Emirates Global Aluminium says to cut 4 pct of workforce
ABU DHABI, June 11 (Reuters) – Emirates Global Aluminium (EGA) on Thursday said it is cutting its workforce by 4 percent as part of a strategic restructuring to reduce costs and boost operational efficiency.
EGA was created by the merger of two state-owned aluminium companies — Dubai Aluminium (Dubal) and Abu Dhabi’s Emirates Aluminium (Emal) — to create what was at the time the world’s fifth largest aluminium company with an estimated value of $15 billion.

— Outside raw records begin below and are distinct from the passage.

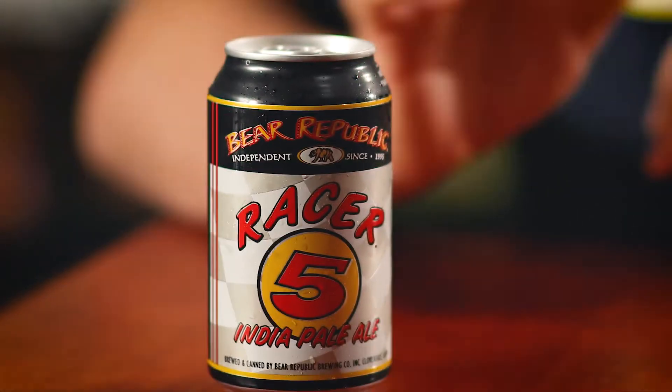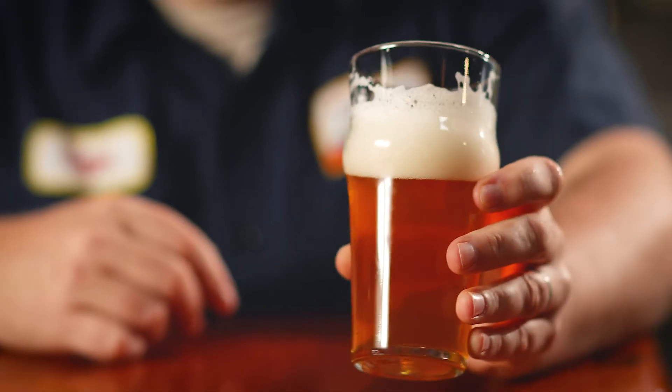A light touch of crystal malt, but not overly malty. You want bitterness. You want a crisp finish and an aroma that just won't quit, and I think Racer 5 really delivers on that promise.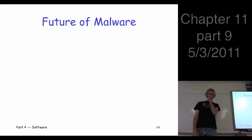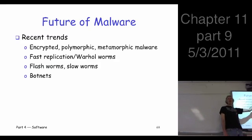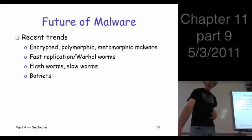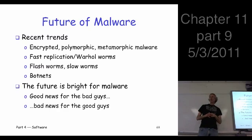What does the future hold for malware? There are some recent trends to cover. People have developed encrypted, polymorphic, and metamorphic malware, and we'll see why they do that and what the defenses are. We'll talk about fast worms — things like Code Red and Slammer inspired this, and while it's not a hot topic today, it's still a potential threat. We'll also look briefly at botnets, which are kind of the current bad in malware. The bottom line is the future is bright for malware, which is bad news for the good guys.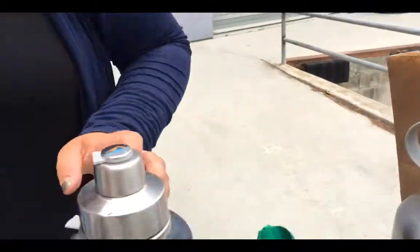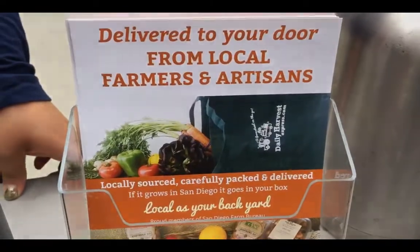And you can drink this throughout the day. Don't forget you can get that online at Daily Harvest Express. Thanks, Isabella!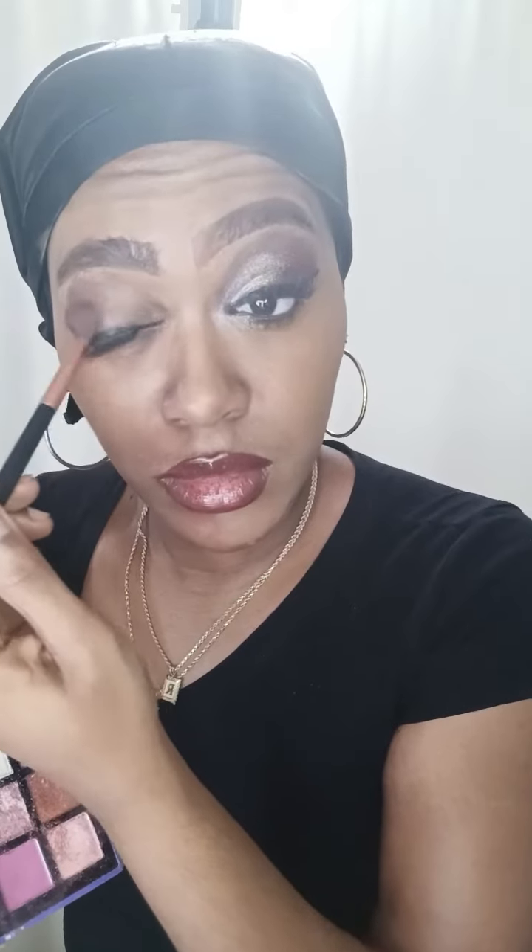So I am mixing a dark brown and another brown which I have like a purple tone. And I'm mixing those two colors together which I'm blending on the outer corner of my eye. And I'm just going to blend. And I'm going to use a purple which is like a lavender purple and I'm going to blend that outward.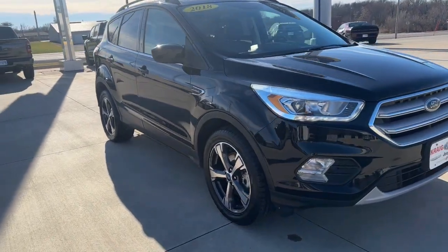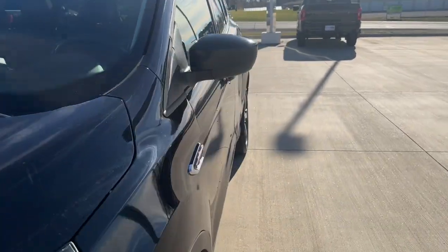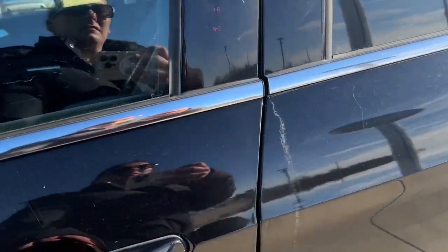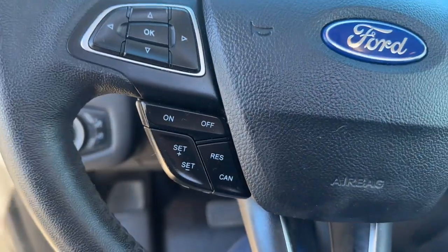Introducing the 2018 Ford Escape. This vehicle is an outstanding buy with fewer than 70,000 miles on the odometer. De-stress and decompress in this sleek and sporty Escape.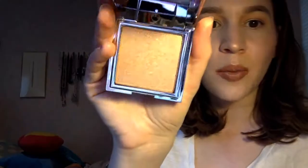This is the first Jouer highlighter I've ever owned and I really love the packaging, I think it's so pretty. And plus, it comes with a mirror, so it's worth it to me. Look how pretty — so I wore that today. Look at that, I think it's so gorgeous.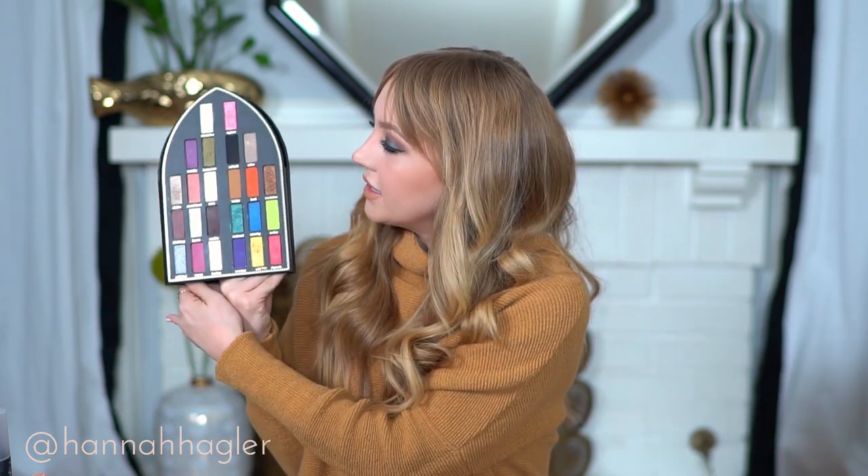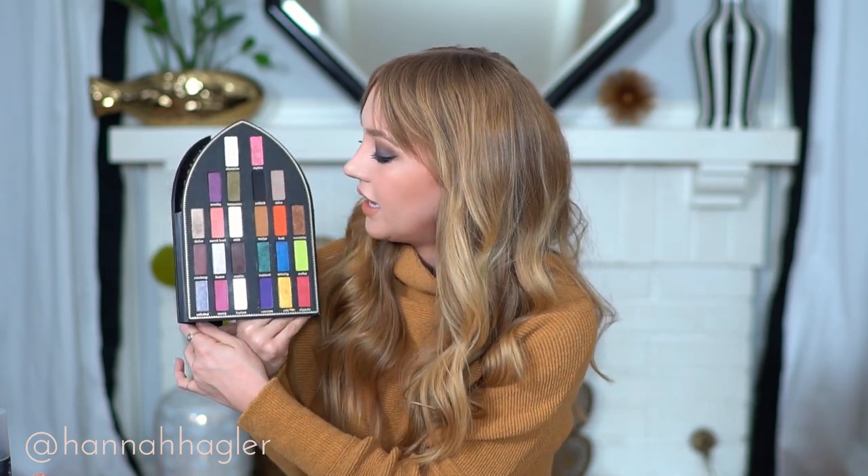Next from Kat Von D is the Saint and Sinner palette — gorgeous and vegan. It has so many beautiful shimmer shades and great matte shades, so many eyeshadow looks are possible. I'm actually wearing it on my eyes today. It's limited edition, so get your hands on it now if you want it.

The move, which would see around 250 support positions cut, is aimed at creating a leaner entity and increasing competitiveness as it looks to expand in the UAE and abroad, EGA said in a statement.

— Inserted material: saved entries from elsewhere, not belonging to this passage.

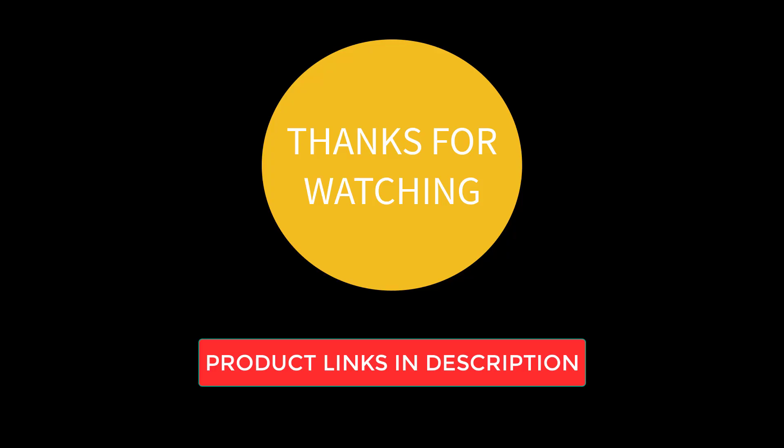Thanks for watching. Please like and subscribe for more videos, and don't forget to check the Amazon links in the description for updated prices and more specifications.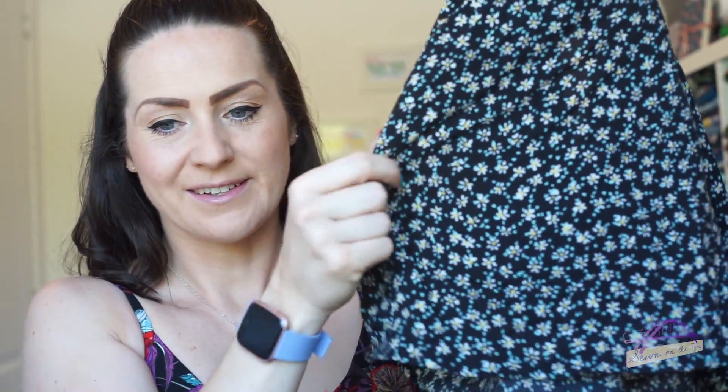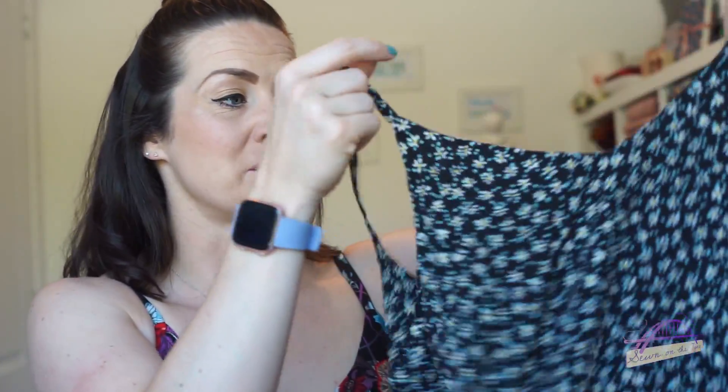I'm also wearing a skirt I made - the Tilly and the Buttons Nest skirt - but I can't show you as it's for an upcoming blog post with Fabric Magpie. In March I made another two Ogden camis because they're just a wardrobe staple for me - so simple to make, use so little fabric, by True Bias. I made one from a remnant of viscose from Sew Me Sunshine - it's a lovely cute daisy print, and I managed to get it comfortably out of about 70 centimeters.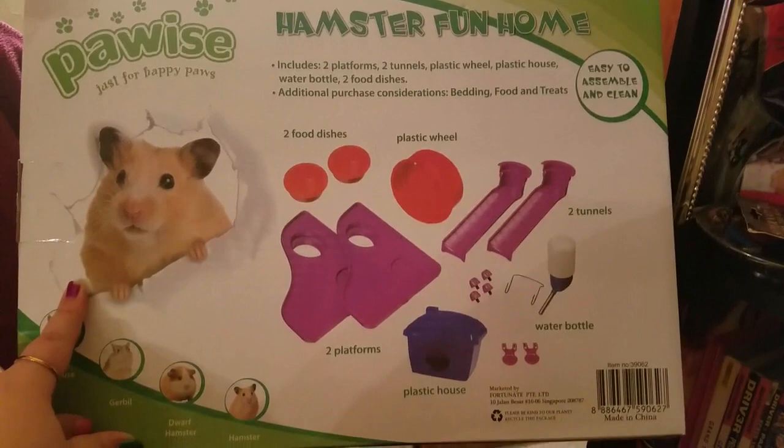So we decided to buy one last cage. This is the Paw Wise Hamster Fun Home — it has two levels. This is what a normal hamster looks like, and this is what ours looks like. Anyway, we're going to put it together and then show a before and after.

EGA is jointly owned by Abu Dhabi’s investment fund Mubadala and the state company which holds Dubai’s most high-profile assets, Investment Corporation of Dubai (ICD).

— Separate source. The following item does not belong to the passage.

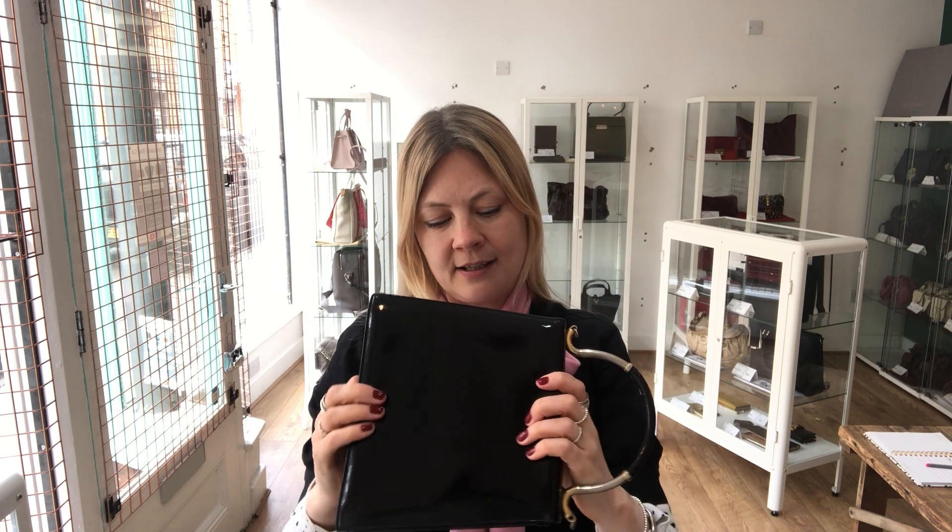There is a link to this bag on the website. If you go to the description and my comments below this video, a link there will take you straight to it on the website. Whilst on the website, sign up to our newsletter and we will send you a discount code for 10% off your first purchase, so go and do that now — sign up, get your 10% ready.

“This initiative strengthens EGA by fully integrating and streamlining support functions across the company to continue supporting our operational success and positions us for further growth,” Abdulla Kalban, EGA’s managing director & CEO said in the statement.
Last month Kalban said EGA’s exports would fall to 77 percent of its production by 2017 due to a rise in local demand. It currently exports around 88 percent of its output
EGA is building a $3 billion alumina refinery in Abu Dhabi, which is expected to be operational by end-2017 to produce four million tonnes per annum (mtpa) annually over two phases.
EGA produces 2.4 mtpa (combined production of Dubal and Emal). It also owns Guinea Alumina Corporation, a bauxite mine and alumina refinery project in west Africa.